Before Newton began to describe and explain his concepts of universal gravitation in Book Three of the Principia (entitled the System of the World) he strongly advised his readers that his Definitions, his Laws of Motion, and the first three sections of Book One must first be carefully read and understood, before any reader attempts to read Book Three. The first three sections of Book One dealt with (in order): 1) the Ratios of Quantities; 2) the Determination of Centripetal Forces; and 3) the Motions of Bodies in Eccentric Conic Sections (i.e. ellipses).
Newton then described four axioms which would guide him throughout Book Three. These axioms are stated as follows:
Rule 1. “No more causes of natural things should be admitted than are both true and sufficient to explain their phenomena.”
Rule 2. “Therefore, the causes assigned to natural effects of the same kind must be, so far as possible, the same.”

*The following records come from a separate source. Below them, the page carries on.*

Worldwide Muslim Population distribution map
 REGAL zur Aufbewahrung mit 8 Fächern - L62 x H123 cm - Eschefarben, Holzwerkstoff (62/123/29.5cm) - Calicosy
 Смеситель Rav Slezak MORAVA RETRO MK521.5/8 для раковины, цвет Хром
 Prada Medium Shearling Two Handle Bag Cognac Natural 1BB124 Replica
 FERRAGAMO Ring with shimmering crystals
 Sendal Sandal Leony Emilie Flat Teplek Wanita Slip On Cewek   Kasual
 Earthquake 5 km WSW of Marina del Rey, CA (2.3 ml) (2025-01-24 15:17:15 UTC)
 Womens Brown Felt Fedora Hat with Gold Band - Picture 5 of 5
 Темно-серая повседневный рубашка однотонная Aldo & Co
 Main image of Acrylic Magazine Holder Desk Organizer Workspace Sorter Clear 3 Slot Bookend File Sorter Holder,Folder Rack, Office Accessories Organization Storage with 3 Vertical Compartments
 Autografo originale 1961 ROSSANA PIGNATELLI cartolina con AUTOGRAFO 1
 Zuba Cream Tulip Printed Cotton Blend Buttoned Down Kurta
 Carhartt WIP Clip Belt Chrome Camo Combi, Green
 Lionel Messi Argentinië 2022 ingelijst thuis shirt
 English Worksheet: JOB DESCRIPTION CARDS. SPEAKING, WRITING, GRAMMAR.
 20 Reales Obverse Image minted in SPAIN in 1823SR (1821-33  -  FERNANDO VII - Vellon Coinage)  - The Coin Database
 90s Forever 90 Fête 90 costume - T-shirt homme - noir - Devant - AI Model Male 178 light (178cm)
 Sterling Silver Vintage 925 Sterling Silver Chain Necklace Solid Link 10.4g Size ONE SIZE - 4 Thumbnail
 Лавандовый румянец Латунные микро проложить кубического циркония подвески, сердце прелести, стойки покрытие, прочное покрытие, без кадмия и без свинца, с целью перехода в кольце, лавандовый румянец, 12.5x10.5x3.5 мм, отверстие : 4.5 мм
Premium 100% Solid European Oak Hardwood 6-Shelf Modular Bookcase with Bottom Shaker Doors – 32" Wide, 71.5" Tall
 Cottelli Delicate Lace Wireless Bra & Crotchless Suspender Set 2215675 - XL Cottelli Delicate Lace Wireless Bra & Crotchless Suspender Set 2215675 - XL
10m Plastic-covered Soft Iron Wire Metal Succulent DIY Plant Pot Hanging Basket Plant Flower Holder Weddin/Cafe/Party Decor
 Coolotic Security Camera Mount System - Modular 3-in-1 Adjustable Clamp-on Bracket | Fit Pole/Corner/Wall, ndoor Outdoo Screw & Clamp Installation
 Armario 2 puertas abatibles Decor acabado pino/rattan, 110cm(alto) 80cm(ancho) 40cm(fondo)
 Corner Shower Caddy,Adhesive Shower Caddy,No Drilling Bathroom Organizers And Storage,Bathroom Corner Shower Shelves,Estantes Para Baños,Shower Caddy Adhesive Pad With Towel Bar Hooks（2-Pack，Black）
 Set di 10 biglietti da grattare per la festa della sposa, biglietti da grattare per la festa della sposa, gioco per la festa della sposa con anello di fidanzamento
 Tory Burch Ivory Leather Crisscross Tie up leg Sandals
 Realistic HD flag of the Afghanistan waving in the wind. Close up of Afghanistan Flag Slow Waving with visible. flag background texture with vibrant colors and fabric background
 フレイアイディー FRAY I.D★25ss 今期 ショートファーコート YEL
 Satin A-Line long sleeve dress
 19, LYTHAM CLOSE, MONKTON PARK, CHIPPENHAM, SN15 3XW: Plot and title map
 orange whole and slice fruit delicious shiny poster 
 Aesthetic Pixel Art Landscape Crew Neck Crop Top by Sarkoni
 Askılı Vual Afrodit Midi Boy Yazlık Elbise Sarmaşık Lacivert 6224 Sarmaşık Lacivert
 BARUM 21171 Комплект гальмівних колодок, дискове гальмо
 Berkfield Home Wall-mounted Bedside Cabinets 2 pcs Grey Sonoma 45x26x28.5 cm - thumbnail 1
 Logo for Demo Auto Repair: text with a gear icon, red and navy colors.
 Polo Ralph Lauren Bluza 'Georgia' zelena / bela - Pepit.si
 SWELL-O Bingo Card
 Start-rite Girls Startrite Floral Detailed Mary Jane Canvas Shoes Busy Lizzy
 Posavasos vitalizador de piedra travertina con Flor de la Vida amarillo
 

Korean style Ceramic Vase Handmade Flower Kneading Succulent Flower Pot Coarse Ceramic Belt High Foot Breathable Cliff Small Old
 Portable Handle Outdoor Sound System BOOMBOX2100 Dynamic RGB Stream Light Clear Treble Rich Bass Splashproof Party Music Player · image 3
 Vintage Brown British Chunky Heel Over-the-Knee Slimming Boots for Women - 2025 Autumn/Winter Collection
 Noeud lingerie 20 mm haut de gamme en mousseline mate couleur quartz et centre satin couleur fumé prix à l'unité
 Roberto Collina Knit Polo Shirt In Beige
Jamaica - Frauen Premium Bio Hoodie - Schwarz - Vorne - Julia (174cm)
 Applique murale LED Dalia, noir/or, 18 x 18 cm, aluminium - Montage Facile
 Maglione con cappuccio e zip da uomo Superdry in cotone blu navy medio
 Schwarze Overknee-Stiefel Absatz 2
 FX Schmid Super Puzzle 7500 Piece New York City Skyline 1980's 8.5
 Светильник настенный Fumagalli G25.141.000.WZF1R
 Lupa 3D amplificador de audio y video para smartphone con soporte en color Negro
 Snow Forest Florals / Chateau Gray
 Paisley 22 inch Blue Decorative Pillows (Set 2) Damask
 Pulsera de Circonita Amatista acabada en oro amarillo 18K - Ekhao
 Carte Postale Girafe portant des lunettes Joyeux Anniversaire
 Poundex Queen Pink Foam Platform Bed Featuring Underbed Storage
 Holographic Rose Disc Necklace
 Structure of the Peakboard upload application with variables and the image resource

Rule 3. “Those qualities of bodies that cannot be [changed] and that belong to all bodies on which experiments can be made should be taken as qualities of all bodies universally…[Thus], if it is universally established by experiments and astronomical observations that all bodies on or near the earth gravitate toward the earth, and do so in proportion to the quantity of matter in each body, and that the moon gravitates toward the earth in proportion to the quantity of its matter, and that our sea in turn gravitates toward the moon, and that all planets gravitate toward one another, and that there is a similar gravity of comets toward the sun, it will have to be concluded by this third rule that all bodies gravitate toward one another.” 
Rule 4. “In experimental philosophy, propositions gathered from phenomena by induction should be considered either exactly or very nearly true notwithstanding any contrary hypotheses, until yet other phenomena make such propositions either more exact or liable to exceptions. This rule should be followed so that arguments based on induction may not be nullified by hypotheses.”